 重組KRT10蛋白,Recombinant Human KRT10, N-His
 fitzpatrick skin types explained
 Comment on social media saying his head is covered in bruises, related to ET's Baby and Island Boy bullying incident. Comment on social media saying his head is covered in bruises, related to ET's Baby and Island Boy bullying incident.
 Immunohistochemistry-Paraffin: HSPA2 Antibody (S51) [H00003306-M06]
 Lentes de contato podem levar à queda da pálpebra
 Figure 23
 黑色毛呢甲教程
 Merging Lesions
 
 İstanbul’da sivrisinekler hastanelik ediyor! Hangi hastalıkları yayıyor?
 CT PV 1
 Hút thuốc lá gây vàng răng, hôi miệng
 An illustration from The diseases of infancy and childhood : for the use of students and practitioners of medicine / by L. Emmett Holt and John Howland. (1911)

---

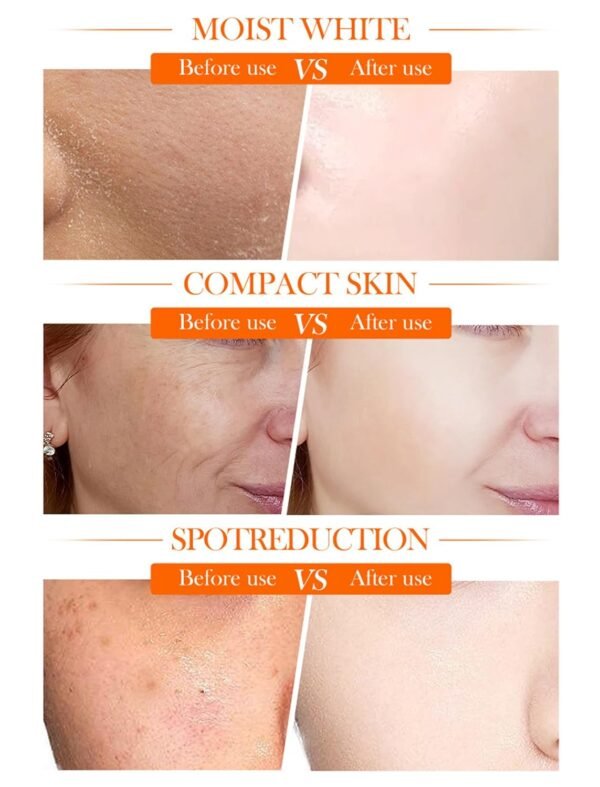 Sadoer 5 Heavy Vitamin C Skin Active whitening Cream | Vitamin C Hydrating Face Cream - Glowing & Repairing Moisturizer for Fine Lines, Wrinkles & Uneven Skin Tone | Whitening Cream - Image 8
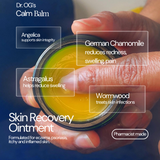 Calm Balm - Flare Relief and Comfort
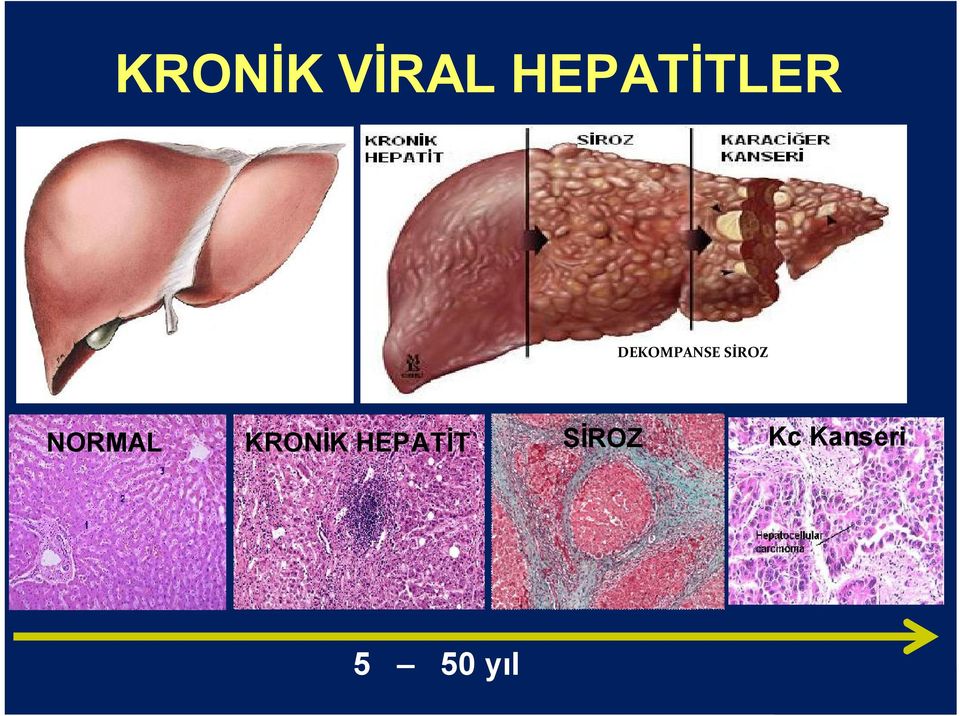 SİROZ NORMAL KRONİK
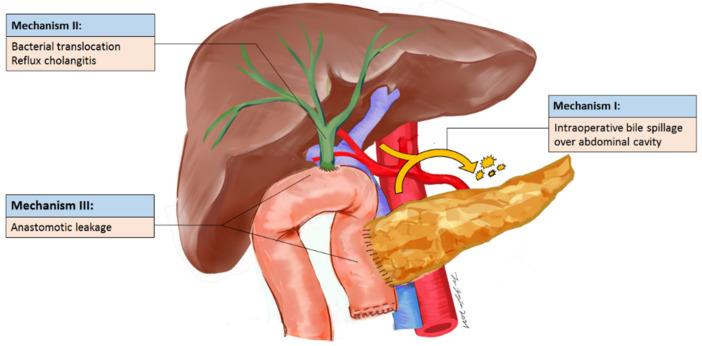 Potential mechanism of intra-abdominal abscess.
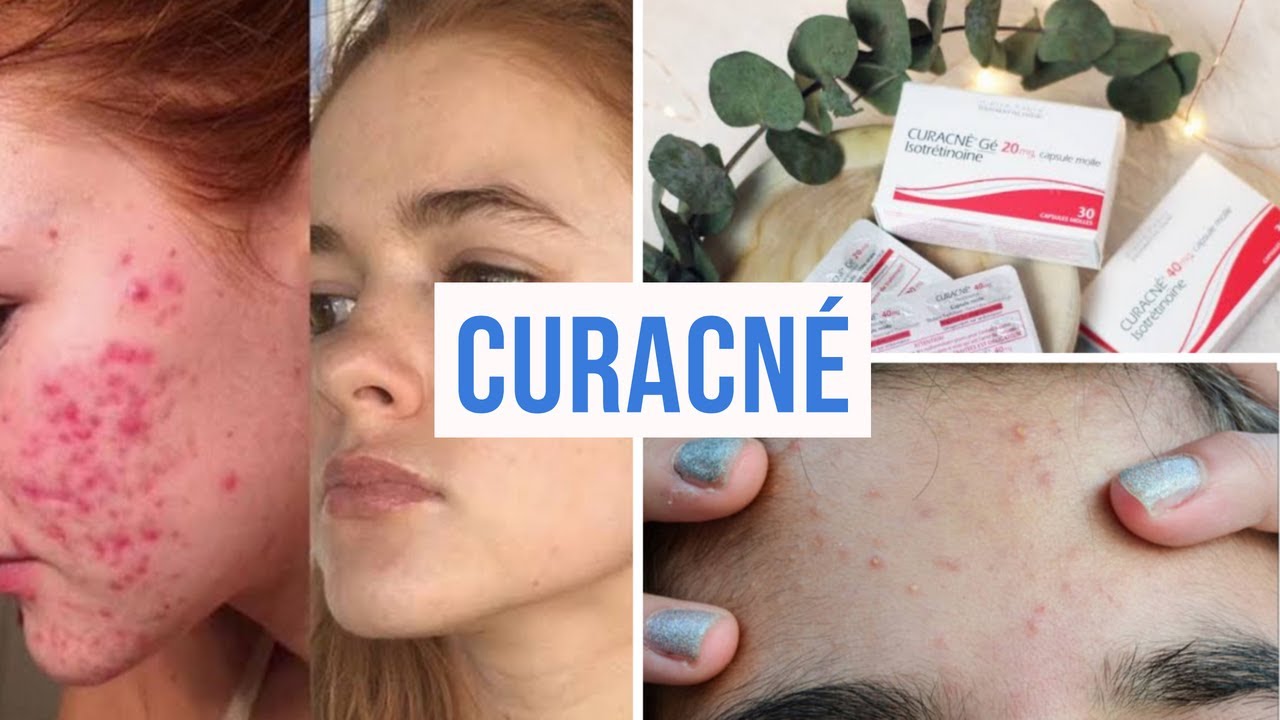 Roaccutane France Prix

- _PROBLEM STATEMENT_
When you reach the line holding "重組KRT10蛋白,Recombinant Human KRT10, N-His" in the records above, begin reproducing exactly, stop after the line holding "Merging Lesions", and output nothing else.

- _PROBLEM SOLUTION_
 重組KRT10蛋白,Recombinant Human KRT10, N-His
 fitzpatrick skin types explained
 Comment on social media saying his head is covered in bruises, related to ET's Baby and Island Boy bullying incident. Comment on social media saying his head is covered in bruises, related to ET's Baby and Island Boy bullying incident.
 Immunohistochemistry-Paraffin: HSPA2 Antibody (S51) [H00003306-M06]
 Lentes de contato podem levar à queda da pálpebra
 Figure 23
 黑色毛呢甲教程
 Merging Lesions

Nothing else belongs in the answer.